Is the tide turning on our property markets?

expert-michael-yardney.jpgAustralians love to talk about 4 things... football, the weather, property and interest rates.

And right now what’s going on with the property markets is top of mind for many Australian investors. Over the last few weeks it has become obvious that the tide is slowly turning from a seller's market to a buyer's market and many people are asking; is this the beginning of the end?

Six interest rate rises, lower affordability, fewer finance approvals, concern about overseas economies and more properties for sale than last year have all combined to slow down the boom we have been experiencing.

So…is this the beginning of the end?

No. In my opinion this is the end of the beginning…

And I’m not being smart with words. After a year or so we have now completed the first stage of the property cycle and the markets are behaving normally.

Every property cycle begins with something real, something fundamental and last year it was pent up demand from homebuyers who had put off their buying decision because of the GFC.

The flame was ignited by historically low interest rates and the first home owners’ boost, which turned into a second and third home owners grant as these first home buyers went out and borrowed $40,000 to $50,000 more and handed it over to elated vendors, who then spent this plus more on their next home.

The markets then boomed with what seemed like an insatiable appetite for real estate from homeowners to upgrade their homes and from investors who had now regained their confidence and took advantage of low interest rates.

The latest figures from Residex (below) show how our various property markets performed over the last 12 months, and while overall the markets are still running strong, there are signs that finally demand is starting to be satisfied.

res table june 10.jpg
Source Residex www.residex.com.au

Of course the media is jumping on signs like falling auction clearance rates to write spectacular headlines and the doomsayers are out again saying that the “property bubble will burst.”

What do I say to this?

I guess many in the media have forgotten what a normal market is. Only 18 months ago we were in the depths of a financial crisis that was touted as the worst since the Great depression (remember those headlines?). And more recently auction clearance rates of over 80% and booming property prices have caught the headlines.

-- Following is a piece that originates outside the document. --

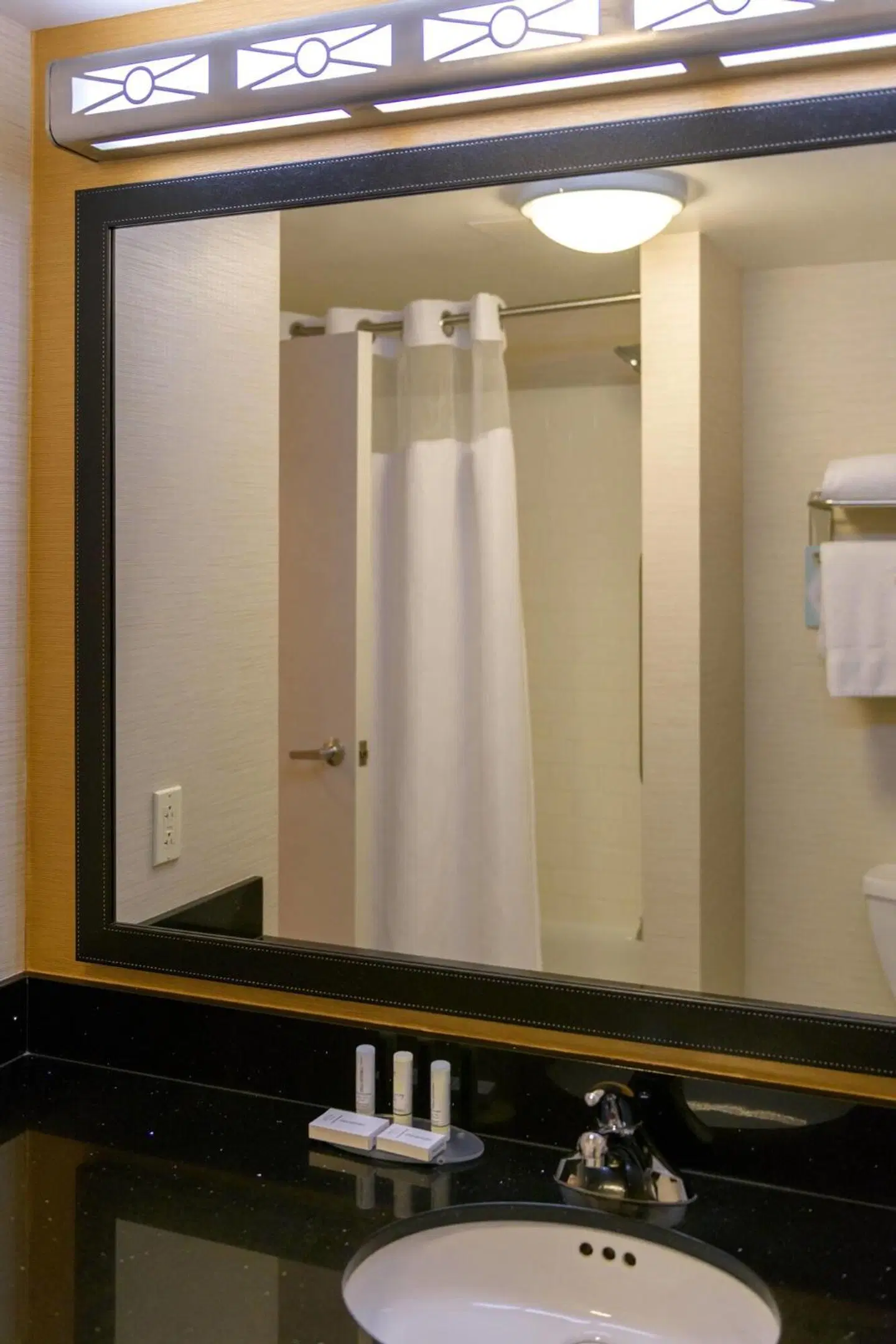 Fairfield Inn & Suites by Marriott Kennett Square Brandywine Valley Badezimmer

Neither of these are normal markets.

To be honest, I’ve enjoyed the last year when the value of many of my properties has gone up by more than 20%, but I knew this couldn’t last.  In fact I didn’t want it to last, otherwise we would be setting ourselves up for an almighty crash.

So what next?

The markets will enter the next stage of the property cycle - after the initial strong rise the market will keep rising but more slowly and more selectively.

The same fundamentals that underpinned our property markets last year are still in play - increasing demand from a rising population and insufficient supply to meet this demand. Add to this a strong economy, rising building costs, low vacancy rates and virtually full employment and we have all of the fundamentals to support a healthy property market.

But despite these strong fundamentals, in the short term at least it looks like it has become more difficult for some buyers, particularly the more price sensitive buyers, to obtain finance or service their loans.

We are already experiencing 2 tier markets. While overall median prices are rising, in each city there are winners and losers. According to Residex research, more than 50% of suburbs lost value in the last quarter, as did more than 20% of the suburbs in Brisbane.

Our rising interest rates and property values will affect different markets differently.

Affordability will become more of a problem in the outer and first home owner suburbs, where wage growth is pinned to something like the CPI.

However in the more affluent suburbs, affordability will not be as much of an issue. People living in these areas will have more disposable income and they are nowhere near as dependent on the increase in the average wage to increase their affordability. Many run businesses, own investment portfolios, and receive bonuses so their disposable income and ability to pay more for the home of their dreams is not as limited.

Hidden amongst all the bad news in the media recently there was some good news in the Reserve Bank Governor’s statement: the RBA believes the Australian economy is set to grow strongly and that the optimistic assumptions underpinning the federal budget are sound.

This should give comfort to those worried by the many predictions of economic disaster. If you pit the headline-seeking doomsday brigade against the RBA, I'll believe the Reserve Bank any day.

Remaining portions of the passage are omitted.